> _About this exercise_: A word-for-word copy of the listing is required, and it must contain no pictures.

> _Information shown_:

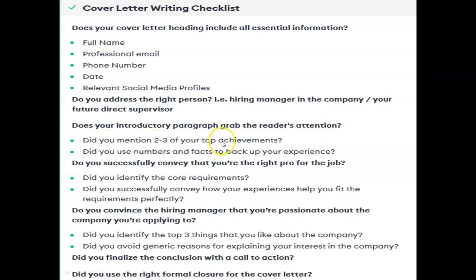Did you mention 2 to 3 of your top achievements? To attract the reader's attention and that of the HR manager, you have to mention your top 2 to 3 achievements. Then, did you use numbers and facts to back up your experience? When you have worked in a particular company, you have to mention exactly what you did there, using numbers and facts to back up your previous experience.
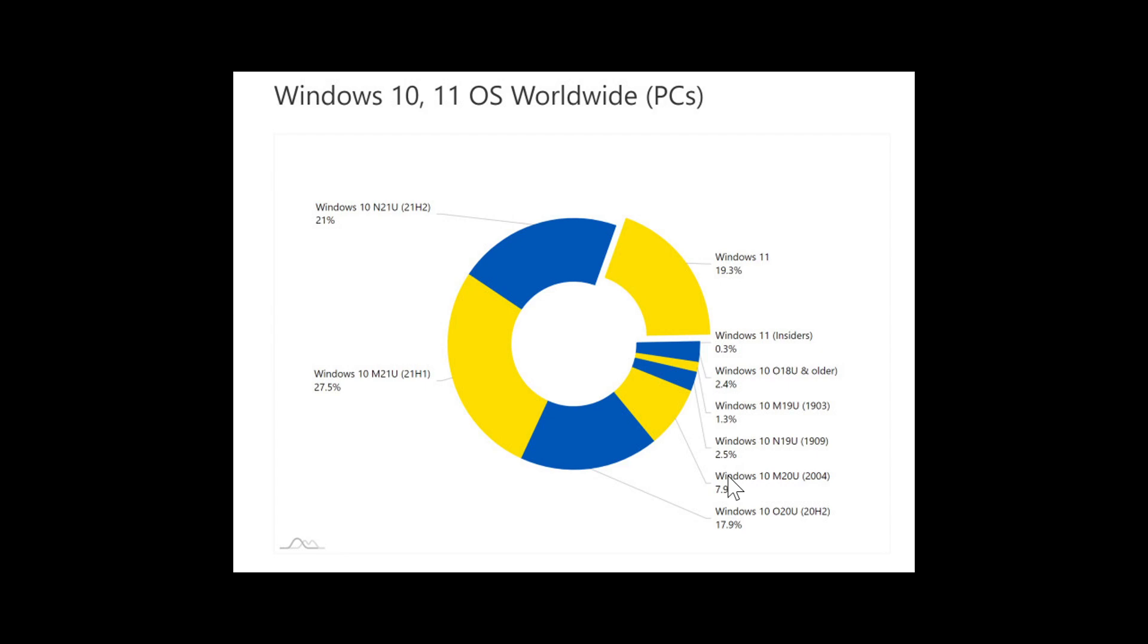The market share numbers have been actually checked out against compatible and supported PCs. So that means that 19.3% is machines that are actually compatible and supported. They're not counting the unsupported PCs in here.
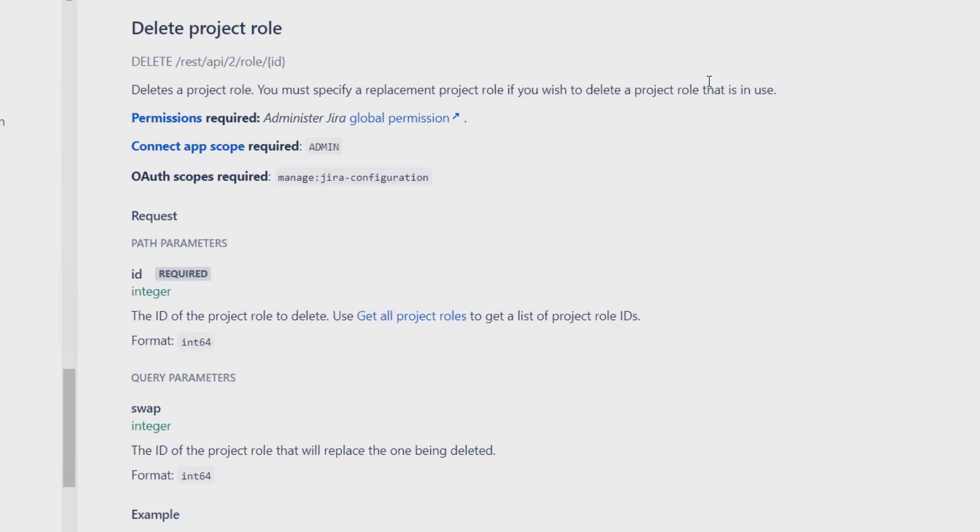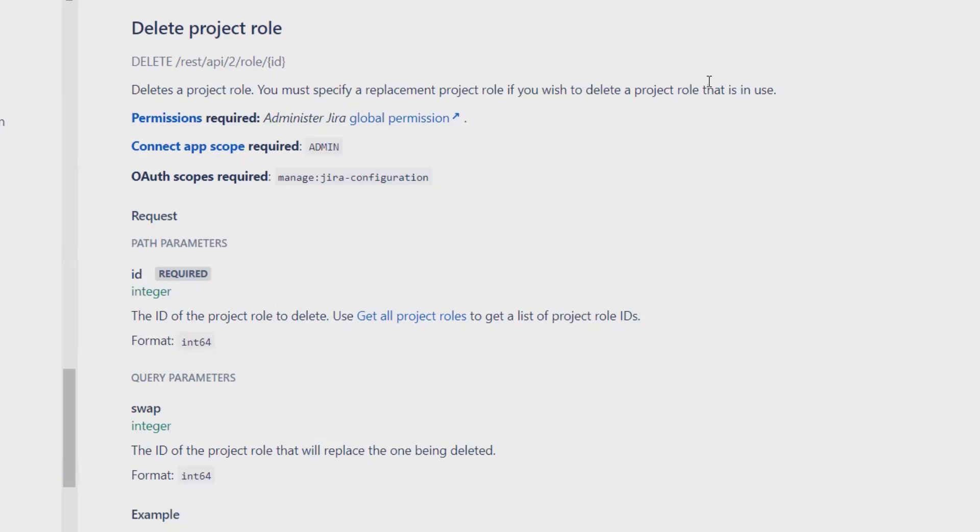Even if that person is leaving the organization, we have to remove the credentials. We must specify a replacement project role if we wish to delete a project role that is in use. For this, we need to have administrator login credentials and a REST API application.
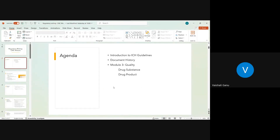Today we will be covering the background about the guideline that is normally referred to when people draft that particular section of Module 3, then how that guideline evolved historically, and then we will be majorly focusing on the real content of our session, which is the quality module. Those are divided into two sections: drug substance and drug product, which we will cover individually in detail.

> _Answer to the exercise_:
Did you mention 2 to 3 of your top achievements? To attract the reader's attention and that of the HR manager, you have to mention your top 2 to 3 achievements. Then, did you use numbers and facts to back up your experience? When you have worked in a particular company, you have to mention exactly what you did there, using numbers and facts to back up your previous experience.
The market share numbers have been actually checked out against compatible and supported PCs. So that means that 19.3% is machines that are actually compatible and supported. They're not counting the unsupported PCs in here.
Even if that person is leaving the organization, we have to remove the credentials. We must specify a replacement project role if we wish to delete a project role that is in use. For this, we need to have administrator login credentials and a REST API application.
Today we will be covering the background about the guideline that is normally referred to when people draft that particular section of Module 3, then how that guideline evolved historically, and then we will be majorly focusing on the real content of our session, which is the quality module. Those are divided into two sections: drug substance and drug product, which we will cover individually in detail.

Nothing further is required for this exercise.